When did you start rowing?
I started rowing back in the spring of 2001 at Everett Community College. I did track and field at Cascade High School (I was a graduate of the class of 2000) and always thought rowing would be a great sport to try, but both sports overlapped so I never had the chance to row. At the time, there wasn’t a Track and Field team at EvCC, so I joined the crew team. After I graduated, I joined the Everett Rowing Association’s adult masters team and rowed with them for another 8 years before I took a break from rowing in 2011.

What got you into rowing in the first place?
I was walking around the campus at EvCC one spring day and saw a sign on one of the doors that said “We need you on EvCC Crew!” I really wanted to give it a try and had high school friends who rowed, so I thought I’d join the crew team. It was a very small team, and wasn’t even considered a sports team; we were a club. In fact, we didn’t have our own boats or our own boat house. All we had were our own set of 8 oars, which we bought through some fundraising and local car washes. EvCC rented boats from the local Everett Rowing Association located on the Snohomish River and Langus Riverfront Park.

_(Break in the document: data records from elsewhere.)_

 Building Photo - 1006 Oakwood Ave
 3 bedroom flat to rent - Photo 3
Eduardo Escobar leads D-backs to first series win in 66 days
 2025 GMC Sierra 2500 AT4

I rowed with the college for two years. I was able to compete in local regattas at Seattle’s Green Lake and Tacoma’s American Lake, as well as Lake Stevens. We also traveled to Dexter Lake near Eugene, Oregon, and I was able to travel to the Pacific Coast Rowing Championships in Sacramento, CA on Lake Natoma while I rowed at EvCC. We won a few races, but rowing with EvCC crew wasn’t about winning, it was more about the camaraderie and friendships made while belonging to the same team and working towards the same goals.

After I graduated from EvCC in the spring of 2002, I still wanted to row so I joined the Everett Rowing Association’s Master’s crew team. This adult team ranges in ages 21 and above. I rowed with ERA masters for another 8 years, rowing in local and regional regattas, traveling to Boston for the Head of the Charles Regatta, and the highlight of my time with ERA, winning 2 gold medals at the 2006 US Rowing Master’s National Championships at Seattle’s Green Lake. Our mens 8+ won both the Club 8+ and A 8+ races that year.

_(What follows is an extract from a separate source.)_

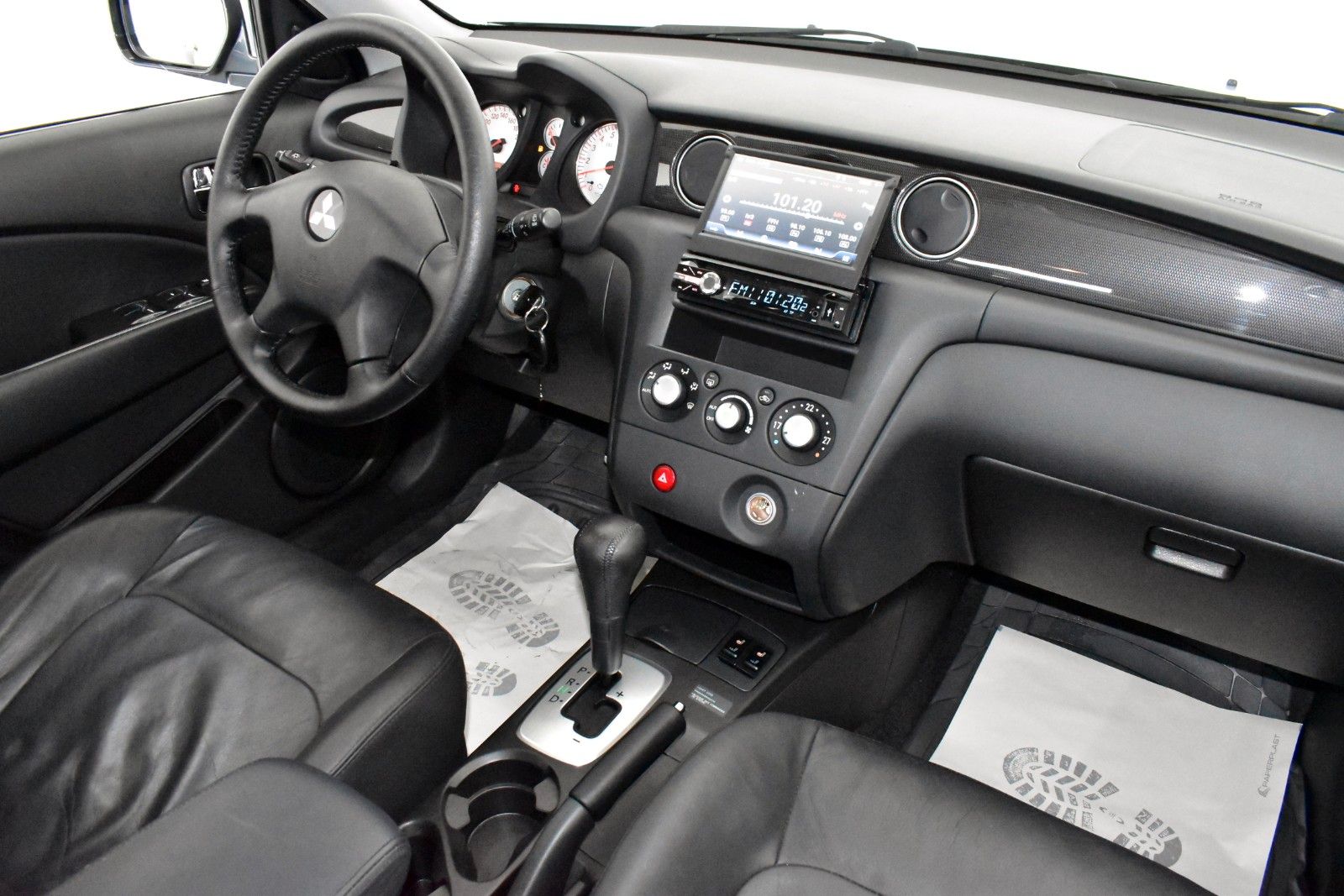 Fahrzeugabbildung Mitsubishi Outlander 2.4 Intense Leder,Navi,Kamera,SR+WR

What seat did you have, and with whom did you row?
The EvCC team was a pretty small team. I think at the most we had about 10 rowers. We were lucky to get out in an 8+ on those foggy spring mornings. Mostly we were in 4+s.

When sweep rowing, I’m a starboard, so I usually rowed seat 7 if I was in an 8+ and seat 3 if I was in a 4+.  As I continued on with my rowing career with the ERA masters, most of the time I was in the bow. I’m a skinny guy and have decent technique, so my coaches put me in the bow (seat 1) of our mens 4+ and our mens 8+. You want a lighter rower to be in the bow so it can sit up and slice through the water.

Did it change over time, like it did for Joe Rantz?
I’ve seen a few changes in rowing over the years. The boats I rowed in at the college were nice, but heavy. As the years went by, Everett Rowing Association got some amazingly light and beautiful Pocock racing shells. With their carbon fiber winged riggers, they were modern and fast! As I continued in crew I also picked up sculling. I rowed sweep probably 4 years before I was introduced to sculling with 2 oars. It’s a completely different style and feeling, but I really do enjoy it..

How did you hear about The Boys in the Boat?
I’ve known about The Boys in the Boat for years. I’ve seen its cover on rowing websites, heard fellow rowers talking about it, and recently, my mom read the book last year for her book club. She shared with me a little bit about it and how she thought I would love it and how inspiring it was. To be honest, I don’t do very much reading at all. I’m so active and usually riding my bike in my spare time, that I can’t honestly remember, beside the Bible, what the last entire book I read was. Then, last year, a wonderful family friend, Margaret Remick, gave me a copy of the book and I knew that I needed to finally sit down and read it. The first day I opened the pages last July, I sat in my back yard reading for 7 hours straight! That’s a record for me…I’ve never been so passionate about reading a book as I was “The Boys in the Boat.”

When you read The Boys in the Boat what particularly inspired you to get back into rowing?
Being able to go on this trip with Joe and the rest of those Husky rowers and hear their stories helped me relive my own career as a rower. As they suffered through the pain, the weather, and the mental battle that you face in a rowing race, I instantly thought back to all of my rowing experiences over the last decade, and it reminded me how proud I was of those experiences and the people I shared them with. Some of the best moments of my life were spent in a racing shell. Some of my fondest memories of accomplishment were when I was up on a podium with my crew, accepting our medals.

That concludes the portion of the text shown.